The exhibition A Machine Boosting Energy into the Universe presents an immersive—even spiritual—cinematic experience, centred on Korakrit Arunanondchai’s video installation, Painting with history in a room filled with people with funny names 3 (2015–16) from the Singapore Art Museum collection. Join Korakrit Arunanondchai and Professor May Adadol Ingawanij in a discussion on rituals and their relationship with “media” and “cinema” in Southeast Asia. This talk is moderated by SAM curator Chanon Kenji Praepipatmongkol.
ABOUT THE SPEAKERS
Korakrit Arunanondchai
Korakrit Arunanondchai is a visual artist, filmmaker, and storyteller based in New York and Bangkok.

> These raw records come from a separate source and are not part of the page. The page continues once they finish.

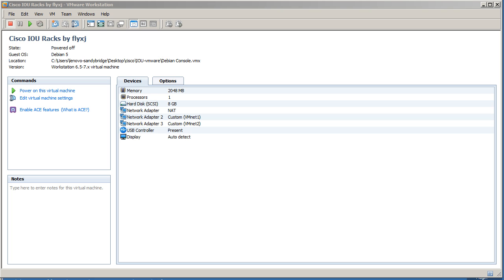We're continuing on our series of VMware networking. We're going to look at the settings inside of VMware for you to change from NAT to bridged and to host only.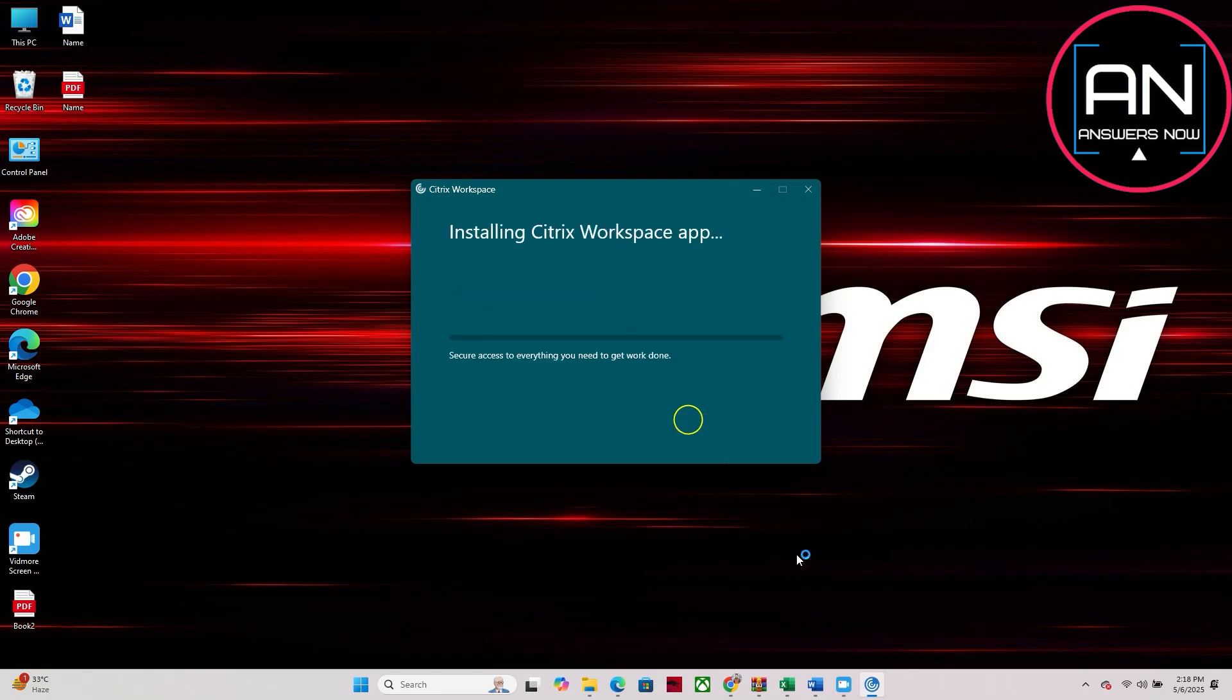Citrix Workspace is installing. Installation is now complete. You can close this now.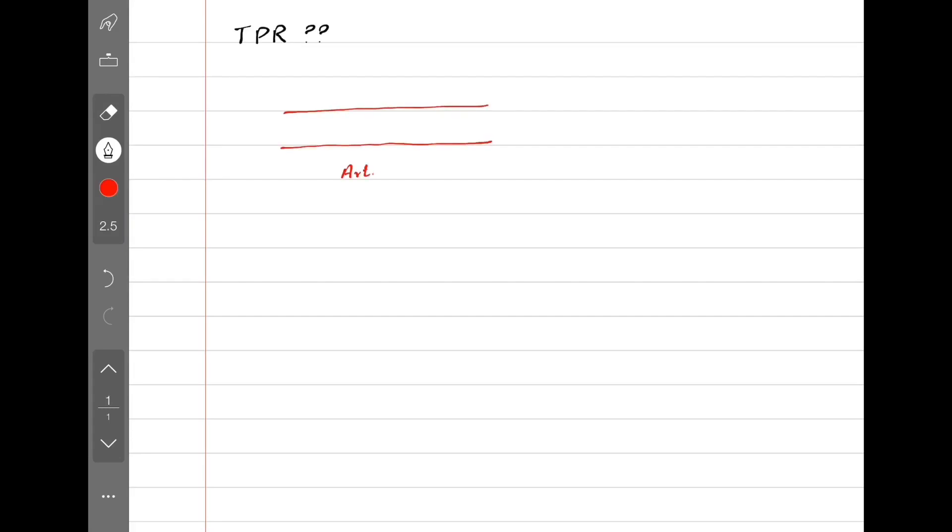It's time we do some more equations, but first we need to know what total peripheral resistance is. It's the hindrance to blood flow inside the arteries when the arteries try to constrict. Almost all of this resistance is provided by arterioles.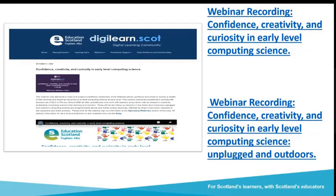In the last two sessions, the very first one we looked at why digital is so important, why we start at the early level, where computing science fits in, and what the key documents are to support us. Then at the second session we learned more about the unplugged elements of computing science — the very concrete starting points — and how that can be transferred into the outdoor environment as well.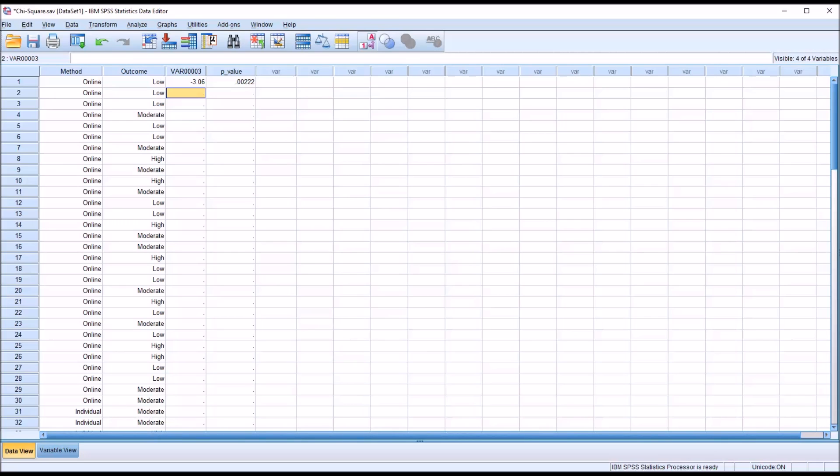I hope you found this video on conducting a post hoc test after a chi-square test to be useful. As always, if you have any questions or concerns feel free to contact me and I'll be happy to assist you.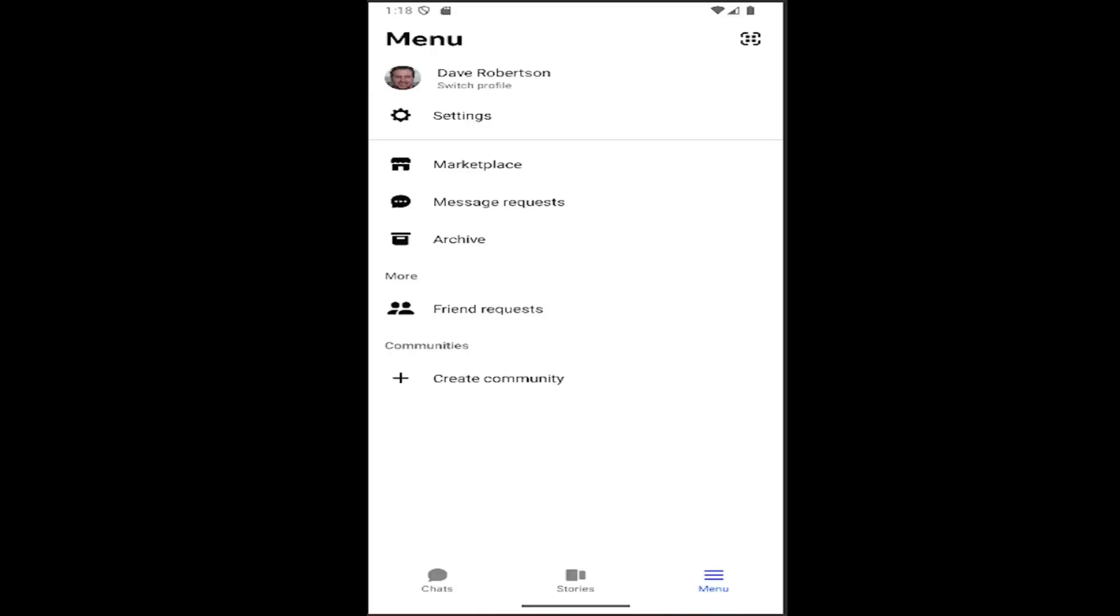So this should hopefully be a pretty straightforward process here, guys. And without further ado, let's go ahead and jump right into it.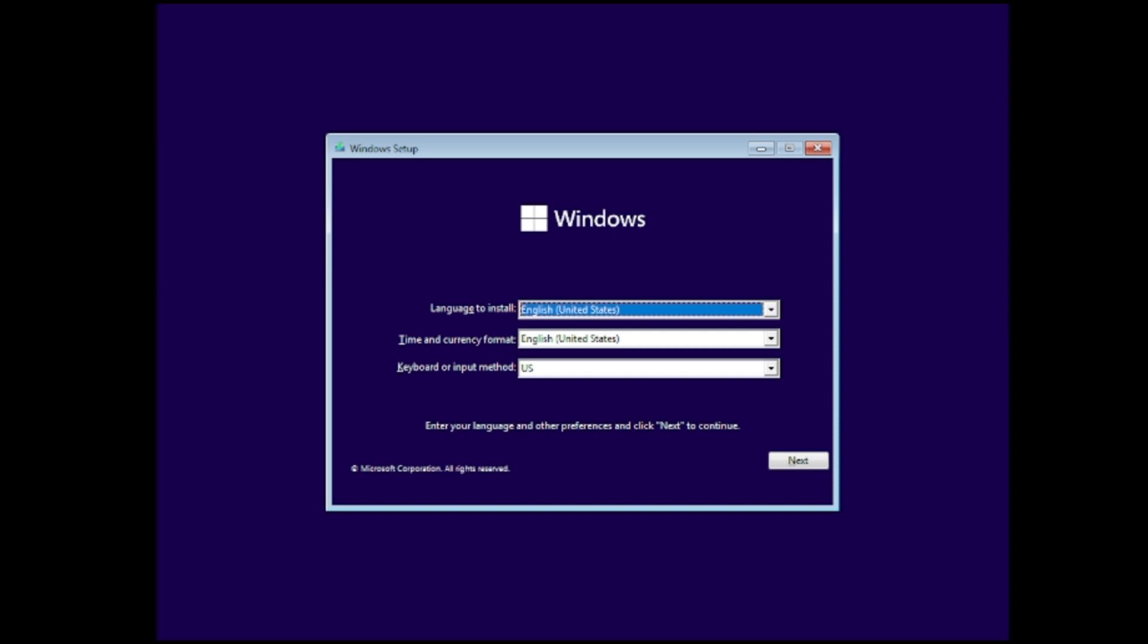This is the last method through which you can fix the problem of BSOD in case if the previous steps don't work for you. So once you come to this page you have to follow the instructions and click on next and next and install the machine.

His body of work merges fiction with poetry and offers synesthetic experiences engaged in a multitude of subjects, whether based in history, myth, or the lives of family, friends, and colleagues. He has held solo exhibitions at MoMA PS1 (2014), Palais de Tokyo (2015), Jim Thompson Art Center (2016), Kiasma (2017), and Serralves Museum (2020), among others. He has also participated in numerous group exhibitions, including the Biennale of Sydney (2016), Singapore Biennale (2019), Venice Biennale (2019), and Gwangju Biennale (2021).
May Adadol Ingawanij
May Adadol Ingawanij is a writer, curator and teacher. She researches de-westernised and decentred histories and genealogies of cinematic arts; avant-garde legacies; forms of potentiality and future-making in contemporary artistic and curatorial practices; aesthetics and circulation of artists’ moving image, art and independent films in, around and related to Southeast Asia. She is Professor of Cinematic Arts at the University of Westminster where she co-directs the Centre for Research and Education in Arts and Media.
ABOUT THE MODERATOR
Chanon Kenji Praepipatmongkol
Chanon Kenji Praepipatmongkol is an art historian and Curator at Singapore Art Museum. He holds a PhD from University of Michigan, and previously worked for Tate Britain and Museum of Contemporary Art Chicago. His current research explores the fault lines between contemporary art, craft, and the digital. His writing has appeared in Artforum, Aperture, and British Art Studies, with an essay on David Medalla forthcoming in Oxford Art Journal.